How does a poet as distinct as Richard Wilbur put on the skin of another in translation, especially if the genre is not one he is known for? Molière is a poet insofar as the convention of seventeenth-century French drama was to write in verse. He resembles other Restoration dramatists like John Dryden, and his aphoristic bent also calls to mind Alexander Pope. In some ways, then, Wilbur must adapt himself to another genre from the one he has shown himself a master of and convince us that if Molière wrote in English, it would have been in iambic pentameter couplets, and he would have sounded not only like Pope or Dryden but like Richard Wilbur. That is, he would have sounded gravely humorous, witty, and sane. Wilbur’s model Robert Frost had a built-in persona, the Yankee farmer, who could fall back on his contrariness. Wilbur, however, is New England middle class, an academic, who knows both sides of any problem and chooses to return to stable ground, the earth, often after a flight of fancy.
 
Molière on the other hand sounds a tad frantic in French, funny and mad. But that’s French for you, with its unaccented syllabics rushing along and waiting for you to catch up. Wilbur’s translation, then, brings the rhythm of clarity.
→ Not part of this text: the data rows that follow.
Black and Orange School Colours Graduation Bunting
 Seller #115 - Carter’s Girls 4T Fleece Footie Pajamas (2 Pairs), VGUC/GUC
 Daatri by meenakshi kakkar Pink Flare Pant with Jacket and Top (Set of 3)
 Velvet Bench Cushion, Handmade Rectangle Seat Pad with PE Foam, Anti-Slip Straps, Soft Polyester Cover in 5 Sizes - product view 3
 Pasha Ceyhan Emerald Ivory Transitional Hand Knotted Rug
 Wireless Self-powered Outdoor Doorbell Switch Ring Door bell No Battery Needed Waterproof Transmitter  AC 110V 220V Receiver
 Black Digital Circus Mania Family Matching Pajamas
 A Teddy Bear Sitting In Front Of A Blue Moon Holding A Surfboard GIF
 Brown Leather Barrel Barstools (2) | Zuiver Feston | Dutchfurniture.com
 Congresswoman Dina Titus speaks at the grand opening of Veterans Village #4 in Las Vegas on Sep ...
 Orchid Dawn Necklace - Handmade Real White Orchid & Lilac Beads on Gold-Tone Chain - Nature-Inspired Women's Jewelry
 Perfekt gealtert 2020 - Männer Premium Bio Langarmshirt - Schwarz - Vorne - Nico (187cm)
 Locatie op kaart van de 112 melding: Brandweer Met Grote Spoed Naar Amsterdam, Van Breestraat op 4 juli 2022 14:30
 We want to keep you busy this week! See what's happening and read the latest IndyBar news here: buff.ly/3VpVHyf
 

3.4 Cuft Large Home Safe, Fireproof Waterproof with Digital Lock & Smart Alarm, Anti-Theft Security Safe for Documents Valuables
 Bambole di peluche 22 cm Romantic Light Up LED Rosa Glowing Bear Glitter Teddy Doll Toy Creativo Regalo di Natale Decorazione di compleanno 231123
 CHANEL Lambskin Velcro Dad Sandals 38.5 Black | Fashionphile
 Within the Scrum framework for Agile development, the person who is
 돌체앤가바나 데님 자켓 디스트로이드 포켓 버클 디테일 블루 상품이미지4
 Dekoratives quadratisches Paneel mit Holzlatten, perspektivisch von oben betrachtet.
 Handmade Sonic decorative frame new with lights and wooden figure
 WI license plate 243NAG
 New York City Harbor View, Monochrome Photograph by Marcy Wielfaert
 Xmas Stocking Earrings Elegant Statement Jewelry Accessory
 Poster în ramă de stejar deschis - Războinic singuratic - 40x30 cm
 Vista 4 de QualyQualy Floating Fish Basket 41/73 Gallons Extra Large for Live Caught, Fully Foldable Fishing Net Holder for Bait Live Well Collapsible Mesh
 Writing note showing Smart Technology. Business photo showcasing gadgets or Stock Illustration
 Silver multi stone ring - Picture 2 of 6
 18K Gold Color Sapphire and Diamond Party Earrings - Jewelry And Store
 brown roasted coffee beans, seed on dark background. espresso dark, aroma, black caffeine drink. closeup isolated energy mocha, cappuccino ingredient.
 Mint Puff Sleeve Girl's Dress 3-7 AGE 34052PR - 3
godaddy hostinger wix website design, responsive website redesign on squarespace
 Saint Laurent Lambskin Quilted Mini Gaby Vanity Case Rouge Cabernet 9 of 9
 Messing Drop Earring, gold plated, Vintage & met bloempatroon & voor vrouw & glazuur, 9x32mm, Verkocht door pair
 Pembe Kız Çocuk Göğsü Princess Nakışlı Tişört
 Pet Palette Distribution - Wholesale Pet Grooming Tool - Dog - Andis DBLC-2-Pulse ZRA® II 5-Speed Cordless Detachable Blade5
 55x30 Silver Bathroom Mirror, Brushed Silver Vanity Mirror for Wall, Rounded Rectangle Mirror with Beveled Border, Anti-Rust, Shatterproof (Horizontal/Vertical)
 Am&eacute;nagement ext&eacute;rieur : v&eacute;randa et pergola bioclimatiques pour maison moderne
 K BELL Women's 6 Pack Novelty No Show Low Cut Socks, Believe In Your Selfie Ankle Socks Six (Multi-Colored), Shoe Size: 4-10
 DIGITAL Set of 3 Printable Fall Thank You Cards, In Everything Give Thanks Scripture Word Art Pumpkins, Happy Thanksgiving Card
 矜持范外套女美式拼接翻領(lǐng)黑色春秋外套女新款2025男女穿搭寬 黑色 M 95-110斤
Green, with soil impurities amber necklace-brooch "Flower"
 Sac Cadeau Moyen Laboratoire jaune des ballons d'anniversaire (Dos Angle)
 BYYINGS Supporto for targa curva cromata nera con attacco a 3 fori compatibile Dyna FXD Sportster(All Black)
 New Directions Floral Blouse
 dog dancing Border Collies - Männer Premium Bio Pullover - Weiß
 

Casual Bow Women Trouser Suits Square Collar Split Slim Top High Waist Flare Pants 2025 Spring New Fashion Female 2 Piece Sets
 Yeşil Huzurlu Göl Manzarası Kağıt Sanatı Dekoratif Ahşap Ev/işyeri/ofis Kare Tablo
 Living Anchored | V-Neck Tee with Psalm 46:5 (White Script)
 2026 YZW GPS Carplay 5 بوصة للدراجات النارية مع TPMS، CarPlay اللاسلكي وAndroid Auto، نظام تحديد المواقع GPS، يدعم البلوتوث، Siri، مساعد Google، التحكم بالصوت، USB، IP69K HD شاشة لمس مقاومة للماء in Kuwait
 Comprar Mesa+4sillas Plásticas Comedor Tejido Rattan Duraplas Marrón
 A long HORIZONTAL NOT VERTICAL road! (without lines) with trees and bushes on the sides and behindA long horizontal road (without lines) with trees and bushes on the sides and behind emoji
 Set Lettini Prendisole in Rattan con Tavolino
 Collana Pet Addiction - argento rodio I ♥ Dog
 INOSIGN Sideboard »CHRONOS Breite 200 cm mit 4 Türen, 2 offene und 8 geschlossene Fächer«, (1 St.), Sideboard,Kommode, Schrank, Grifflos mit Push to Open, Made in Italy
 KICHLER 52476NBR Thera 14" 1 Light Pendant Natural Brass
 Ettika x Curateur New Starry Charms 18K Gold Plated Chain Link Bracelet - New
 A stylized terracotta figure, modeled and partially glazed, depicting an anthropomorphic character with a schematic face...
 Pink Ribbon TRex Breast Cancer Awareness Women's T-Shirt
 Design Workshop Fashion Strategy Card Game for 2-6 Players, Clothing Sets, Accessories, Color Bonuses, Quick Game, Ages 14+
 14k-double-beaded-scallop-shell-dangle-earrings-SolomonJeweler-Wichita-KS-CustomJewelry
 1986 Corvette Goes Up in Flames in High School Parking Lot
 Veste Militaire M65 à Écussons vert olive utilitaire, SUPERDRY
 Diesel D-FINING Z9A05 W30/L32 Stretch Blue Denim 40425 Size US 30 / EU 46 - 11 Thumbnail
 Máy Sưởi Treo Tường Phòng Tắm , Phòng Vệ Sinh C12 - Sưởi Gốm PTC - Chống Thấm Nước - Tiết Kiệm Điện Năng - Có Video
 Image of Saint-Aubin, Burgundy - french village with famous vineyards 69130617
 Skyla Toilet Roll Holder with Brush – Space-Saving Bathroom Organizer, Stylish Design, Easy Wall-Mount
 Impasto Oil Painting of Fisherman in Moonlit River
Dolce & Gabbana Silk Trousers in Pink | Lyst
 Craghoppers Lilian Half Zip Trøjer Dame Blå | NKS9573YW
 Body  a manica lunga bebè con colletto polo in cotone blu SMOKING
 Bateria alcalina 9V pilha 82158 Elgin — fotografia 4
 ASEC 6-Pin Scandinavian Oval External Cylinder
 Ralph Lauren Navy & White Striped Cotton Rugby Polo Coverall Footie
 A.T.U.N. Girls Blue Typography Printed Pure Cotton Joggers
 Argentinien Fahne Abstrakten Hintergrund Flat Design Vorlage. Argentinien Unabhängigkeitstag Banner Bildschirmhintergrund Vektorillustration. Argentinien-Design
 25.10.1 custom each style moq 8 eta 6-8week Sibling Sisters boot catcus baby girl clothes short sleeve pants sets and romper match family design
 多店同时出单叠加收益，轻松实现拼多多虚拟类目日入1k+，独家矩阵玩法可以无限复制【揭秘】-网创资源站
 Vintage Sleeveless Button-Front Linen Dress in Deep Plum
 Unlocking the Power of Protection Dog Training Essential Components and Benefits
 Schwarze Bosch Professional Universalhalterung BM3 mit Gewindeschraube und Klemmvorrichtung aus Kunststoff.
Crazy stuff can occur in that clarity, it’s true, but it’s never in a rush, a gush, a spewing of equally stressed syllables. Wilbur brings a measured response which may even be more comic from its apparent or audible meter. He takes time to make a pun or a witty rhyme.
 
I once heard Richard Wilbur end a reading of his poetry by saying that he liked to wind up with something silly and funny. He read a poem from his 1976 volume, The Mind-Reader, and in order to wind up myself, I will quote the poem in full here.

The Prisoner of Zenda
 
At the end a
“The Prisoner of Zenda,”
The King being out of danger,
Stewart Granger
(As Rudolph Rassendyll)
Must swallow a bitter pill
By renouncing his co-star,
Deborah Kerr.
 
It would be poor behavia
In him and in Princess Flavia
Were they to put their own
Concerns before those of the Throne.
Deborah Kerr must wed
The King instead.
 
Rassendyll turns to go.
Must it be so?
Why can’t they have their cake
And eat it, for heaven’s sake?
Please let them have it both ways,
The audience prays.
And yet it is hard to quarrel
With a plot so moral.
 
One redeeming factor,
However, is that the actor
Who plays the once-dissolute King
(Who has learned through suffering
Not to drink or be mean
To his future Queen),
Far from being a stranger,
Is also Stewart Granger.

Having it both ways transcends inevitable morals and satisfies the appetite for art’s transgressive and affirmative resolutions. That is what Richard Wilbur lets us experience in his translations of Molière, a master of comedy, for comedy is the genre of having it both ways. We get to have our cake and eat it, and we get to do so thanks to Jean-Baptiste Poquelin and Richard Wilbur. We can enjoy the comic genius of Molière in the comic poetry of Richard Wilbur, as if each were wearing the other’s identity, like a costume. The willing suspension of disbelief, crucial in any audience for theater, is joyfully embraced in a comedy, even when it may lead to discomfort that will eventually be dispelled. “How can you be the person that I am?” Sosia asks of Mercury. If it were up to me, I would have Mercury answer or seem to answer, as if with the profound clarity of nonsense and paradox, “How? Willingly. Why not?”

[1] MOLIÈRE: The Complete Richard Wilbur Translations. Library of America. 2 volumes, $70.00.